Personal information
- Date of birth: September 10, 2001 (age 24)
- Place of birth: Pleasanton, California, United States
- Height: 5 ft 9 in (1.75 m)
- Position: Left-back

Team information
- Current team: Monterey Bay FC
- Number: 3

Youth career
- 2007–2016: Ballistic United
- 2016–2017: San Jose Earthquakes
- 2018–2019: Groningen
- 2019–2021: Hannover 96

Senior career*
- Years: Team / Apps / (Gls)
- 2022: Richmond Kickers / 25 / (1)
- 2023: Columbus Crew 2 / 16 / (0)
- 2024–2025: One Knoxville / 48 / (2)
- 2026–: Monterey Bay / 0 / (0)

International career^{‡}
- 2018: United States U18 / 2 / (0)
- 2019: United States U20 / 1 / (0)

= Stuart Ritchie (soccer) =

American soccer player (born 2001)

Stuart Ritchie (born September 10, 2001) is an American soccer player who currently plays as a left-back for USL Championship side Monterey Bay FC.

==Career==
===Youth===
At the age of five, Ritchie joined his local club side Ballistic United, where he stayed until 2016. Ritchie spent a season with the San Jose Earthquakes academy, before move to Dutch side FC Groningen in January 2018. Ritchie played one season with the Groningen U17's before moving up to the U19 team. He would transition into the U23 team, as well as spending time training with the first team squad.

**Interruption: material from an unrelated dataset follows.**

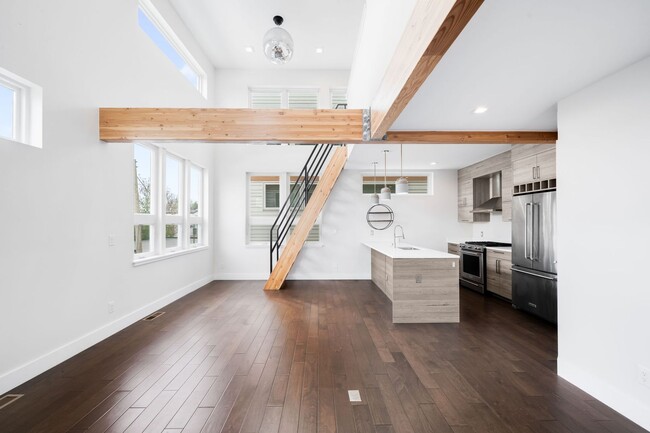 Foto del edificio - Chic 2BD, 2.5BA Sunnyside Townhome With Bo...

In the summer of 2019, Ritchie moved to German side Hannover 96, where he a played with the team's U19 side, before earning a professional contract with the team's U23 side. Ritchie appeared on the bench for Hannover 96 II in a Regionalliga fixture in 2019.

===Richmond Kickers===
On January 25, 2022, it was announced Ritchie had returned to the United States and signed with USL League One club Richmond Kickers. He debuted for the club on April 2, starting in a 4–0 win over FC Tucson.

===One Knoxville===
Ritchie joined USL League One club One Knoxville on January 19, 2024.

=== Monterey Bay ===
Ritchie joined Monterey Bay FC on December 12, 2025, marking the first time he played with a USL Championship club and his return to California.